Nested inner field pagination limit
When a paginated query has a
nested
field, the pagination results may be incorrect.
This is because a paginated query in ES occurs on
Root nested document
not on its inner field.
The field of the keyword type does not support normalizer
Fields of array types are not supported
This is because there is only one value for a
field
in SQL, in which case we can convert the API of SQL To DSL described above into a DSL statement, and it would be nice to query with DSL.
The limit of aggregate sorting
Limit
clause, such as:
SELECT * FROM test GROUP BY age ORDER BY COUNT(*) LIMIT 100;
Here's an example of an error:
SELECT age, ROUND(AVG(salary)) AS avg FROM test GROUP BY age ORDER BY avg;
SELECT age, MAX(salary) - MIN(salary) AS diff FROM test GROUP BY age ORDER BY diff;
The limit of the subquery
Subquery contains
GROUP BY or HAVING
or than
SELECT X FROM (SELECT ...) WHERE [simple_condition]
This structure is complex and can be unsuccessful.

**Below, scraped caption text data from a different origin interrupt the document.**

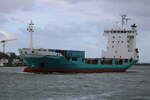 Das Containerschiff Dornbusch auf dem Weg von Hamburg via Rostock nach Kaliningrad beim Einlaufen am Vormittag des 28.05.2022 in Warnemünde. 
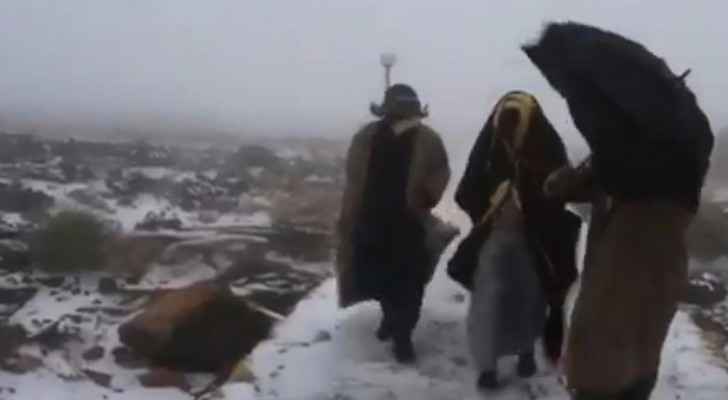 ثلوج وطقس على نحو غير مألوف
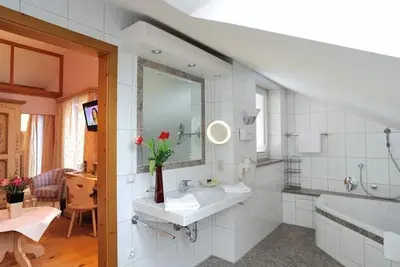 Suite Thomas Mann - Aktiv Hotel Böld & Restaurant Uhrmacher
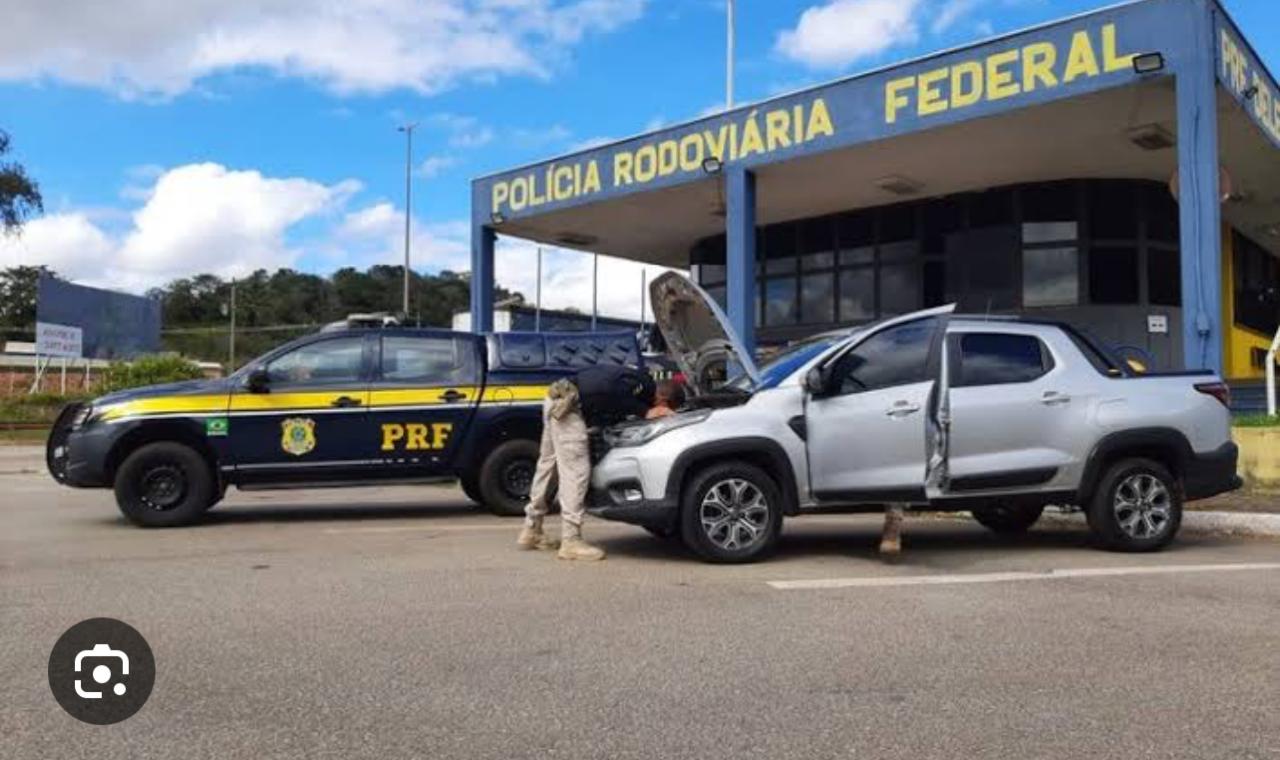 PRF apreende carro clonado no centro de Cajazeiras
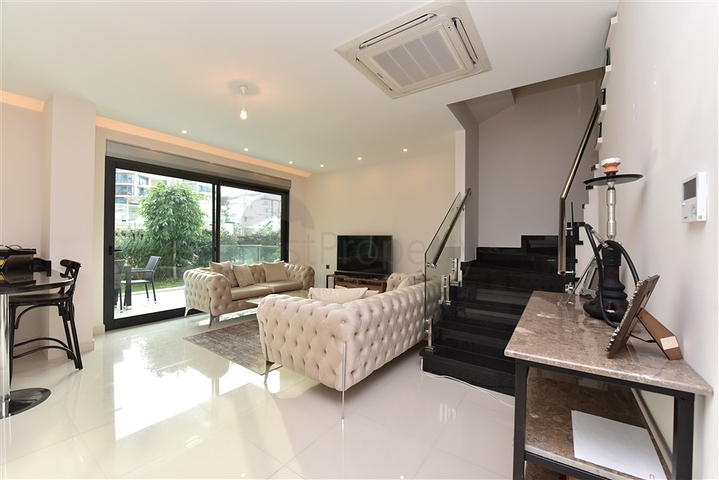 شقة دوبكس ارضية - ضمن مجمع فاخر - في كارجي جاك / الانيا 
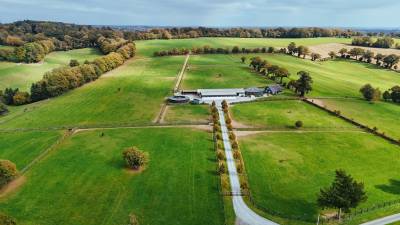 HARAS TR&Egrave;S FONCTIONNEL 45,5 HA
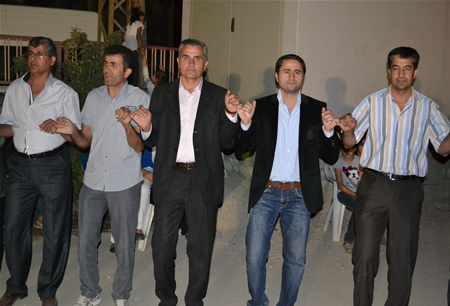 Hakkari'nin Yüksekova ilçesinde 17-18.2011 Eylül Dünya evine giren bazı çiftlerimizi sizler için sayfamıza taşıdık. Yüksekova Güncel ailesi olarak tüm çiftlerimize mutluluklar dileriz.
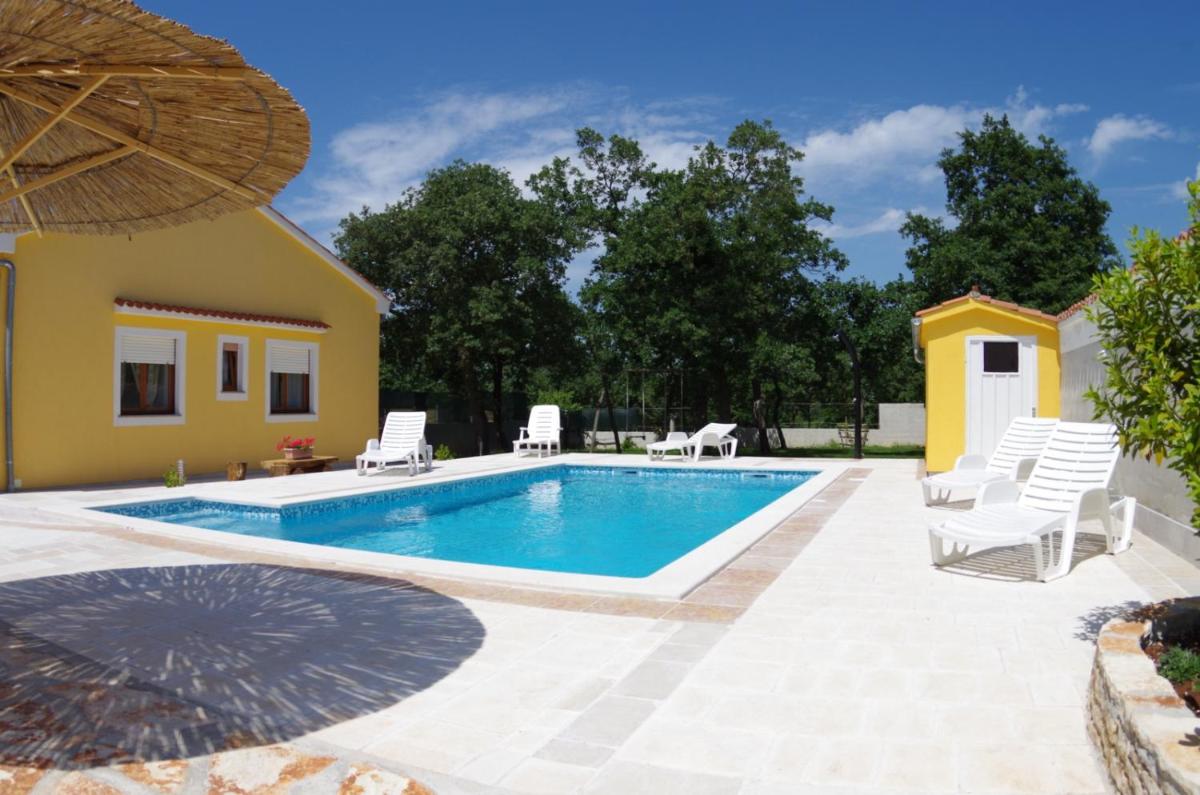 House Oliva, Sveti Kirin - Housity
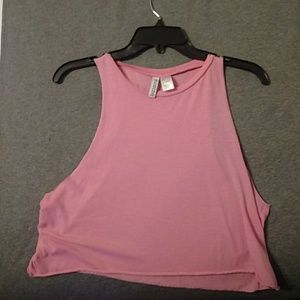 pink tank top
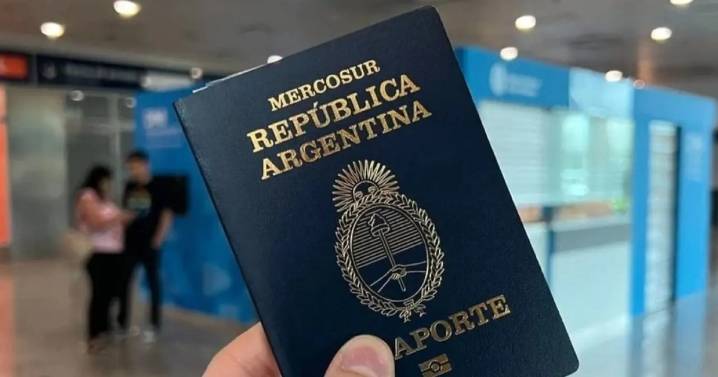 Pasaportes defectuosos: qué documentos pueden tener problemas para salir del país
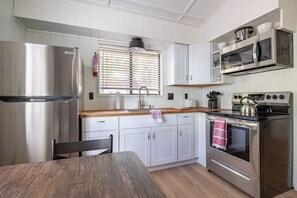 Uklassifisert bilde, 2 av 8, knapp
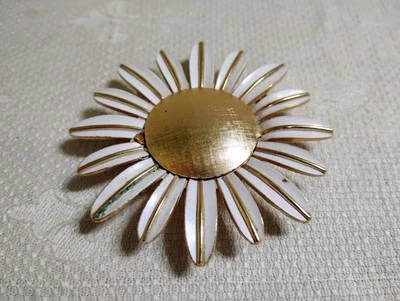 Broche prendedor vintage de perfume con flor de margarita de metal esmaltado blanco Avon Foto 1 de 3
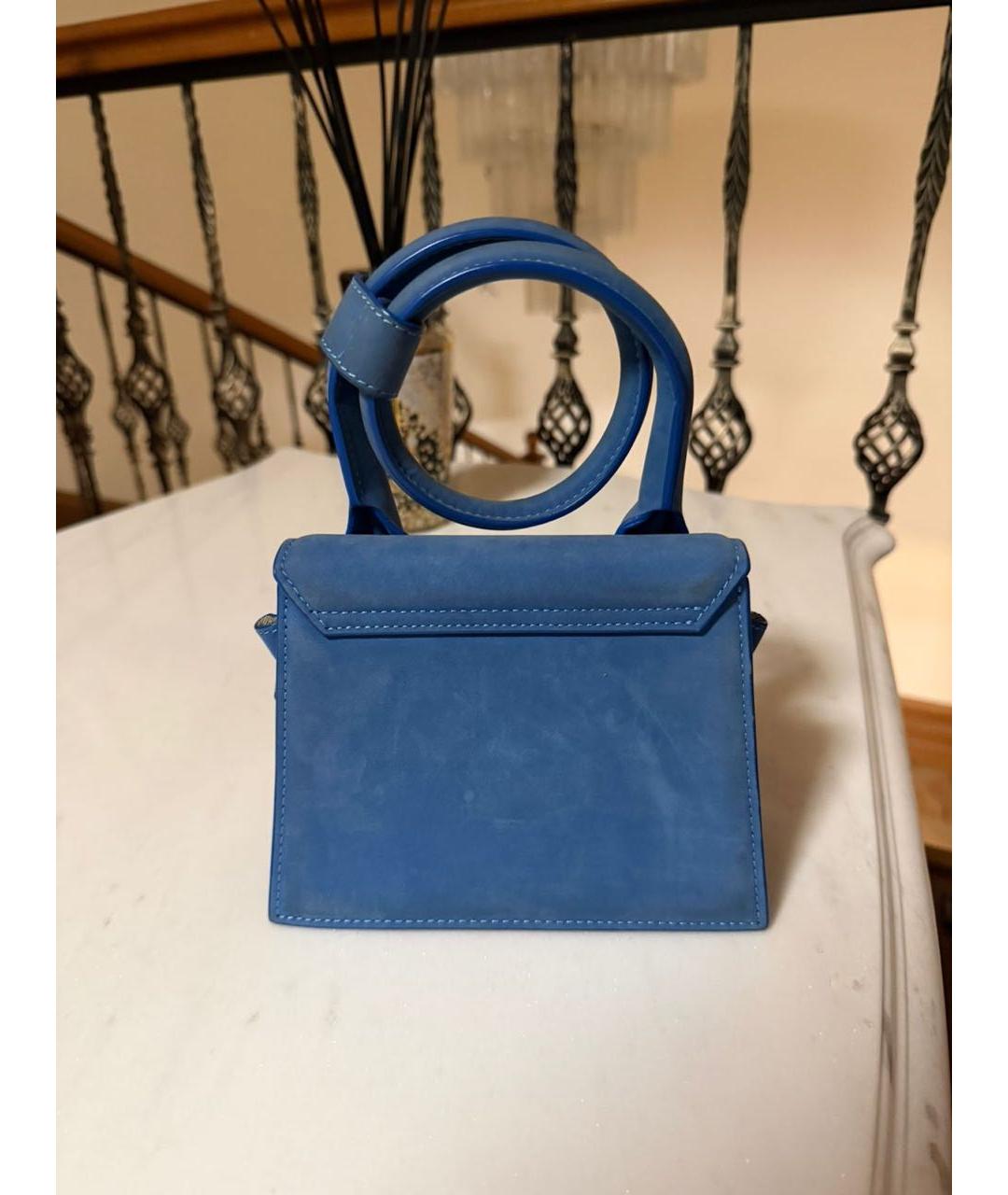 JACQUEMUS Голубая замшевая сумка с короткими ручками, фото 2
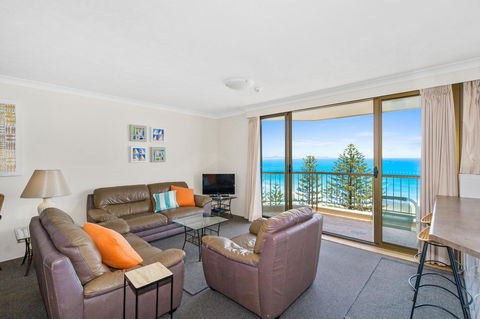 Columbia Beachfront Apartments On Rainbow Bay - Events Australia 39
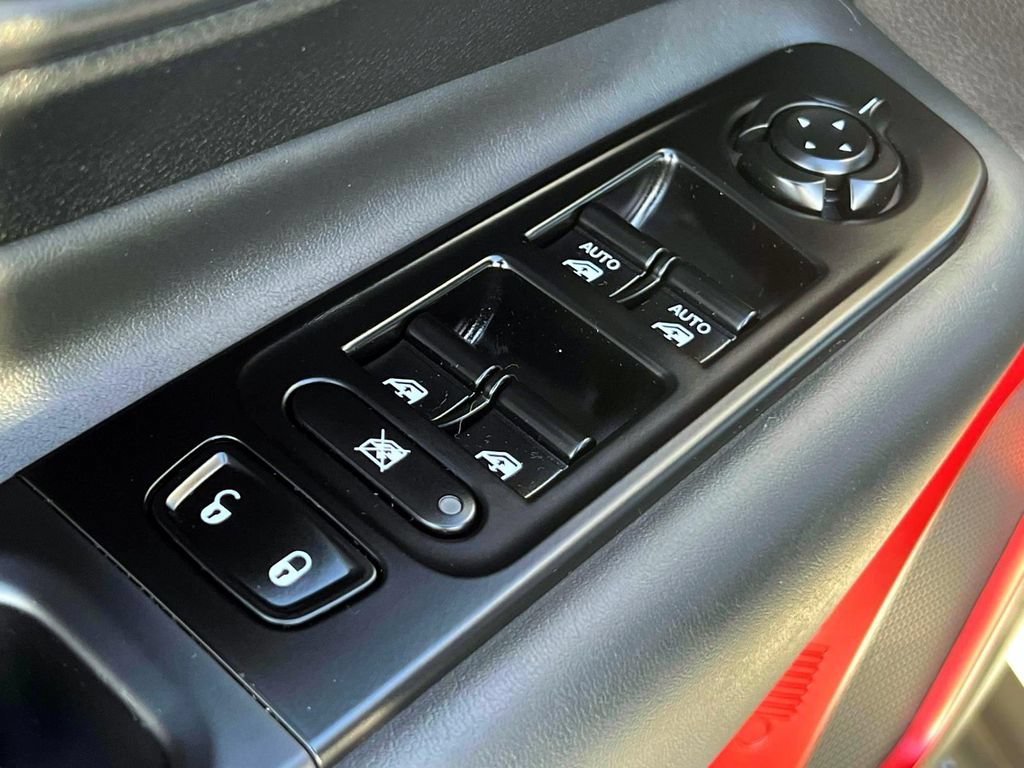 Certified 2022 Jeep Renegade Trailhawk w/ Sun/Sound Group AWD/4WD image 18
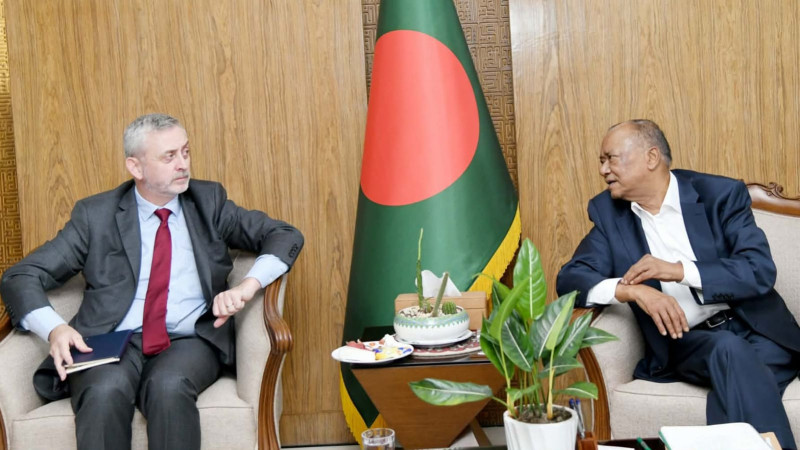 জলবায়ু ঝুঁকি মোকাবিলা ও সবুজ জ্বালানিতে ঢাকা-ইইউ একাত্ম: অর্থায়ন সহজ করার তাগিদ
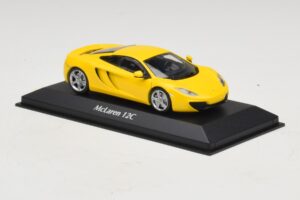 McLaren MP4-12C Жълт Maxichamps 1:43 940133020 Метал — снимка 3 от 5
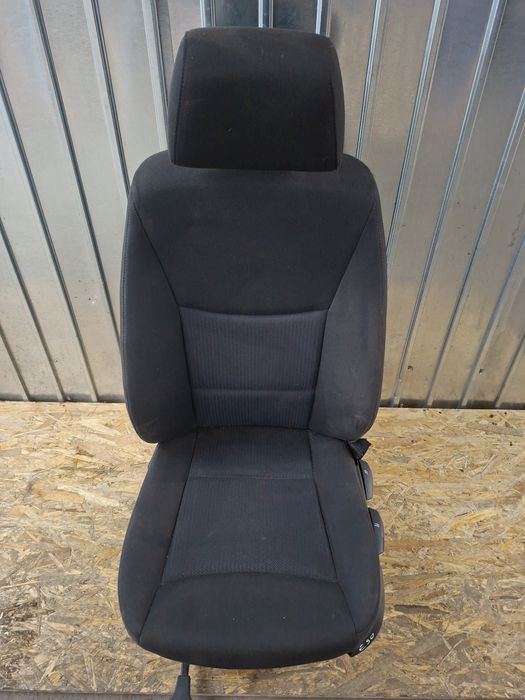 Scaun Sofer BMW E90 E91 Textil Negru cu Încălzire - Europa (Stânga)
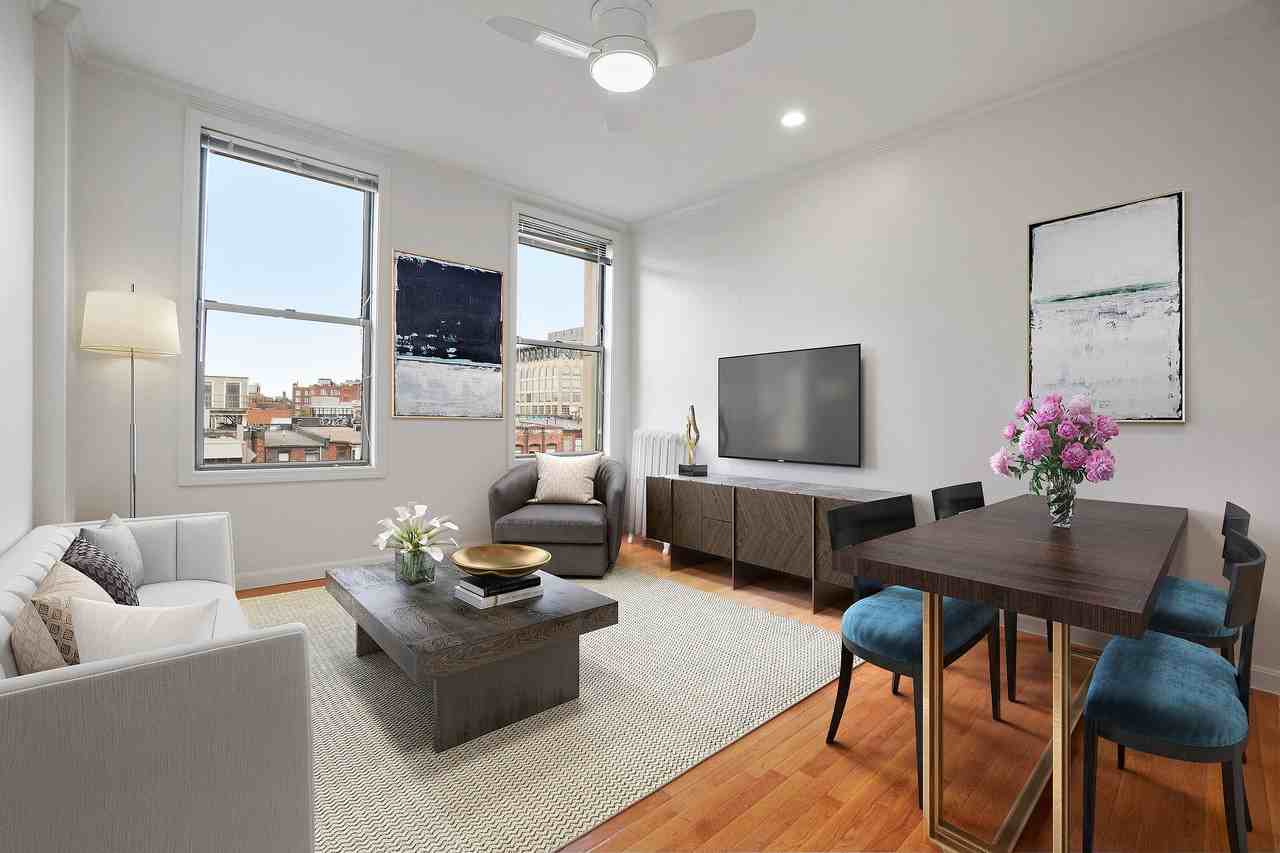 Atrio Boston - Photo 5 of 50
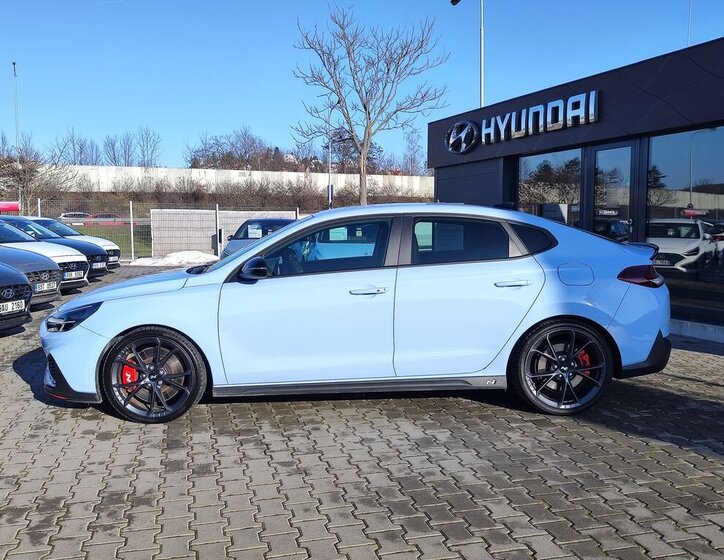 Hyundai i30 Liftback 2,0 l 206 kw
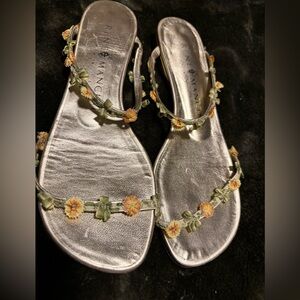 Rene Mancini Paris Yellow Flower Strappy Sandals Size 6.5
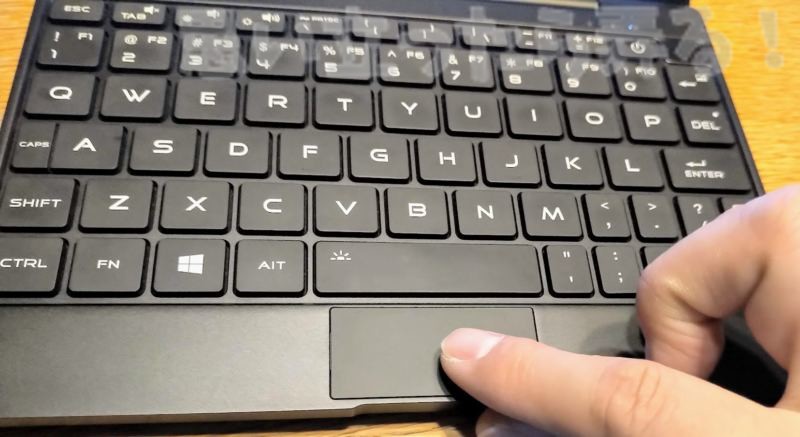 キーボードの下部にひっそりと存在するタッチパッドは小さいけど操作性は良いかも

The time data type fields do not support GROUP BY conditions and HISTOGRAM functions
The following query is wrong:
SELECT count(*) FROM test GROUP BY CAST(date_created AS TIME);
SELECT HISTOGRAM(CAST(birth_date AS TIME), INTERVAL '10' MINUTES) as h, COUNT(*) FROM t GROUP BY h
However, wrapping a field of the TIME type as a
Scalar
function return is supported by GROUP BY, such as:
SELECT count(*) FROM test GROUP BY MINUTE((CAST(date_created AS TIME));
The limit of the return field
If a field is not stored in source, it cannot be queried.
keyword, date, scaled_float, geo_point, geo_shape
These types of fields are not subject to this restriction because they are not returned from
_source
but from
docvalue_fields
The above is
W3Cschool编程狮
about
query ElasticSearch: using SQL instead of DSL
related to the introduction, I hope to help you.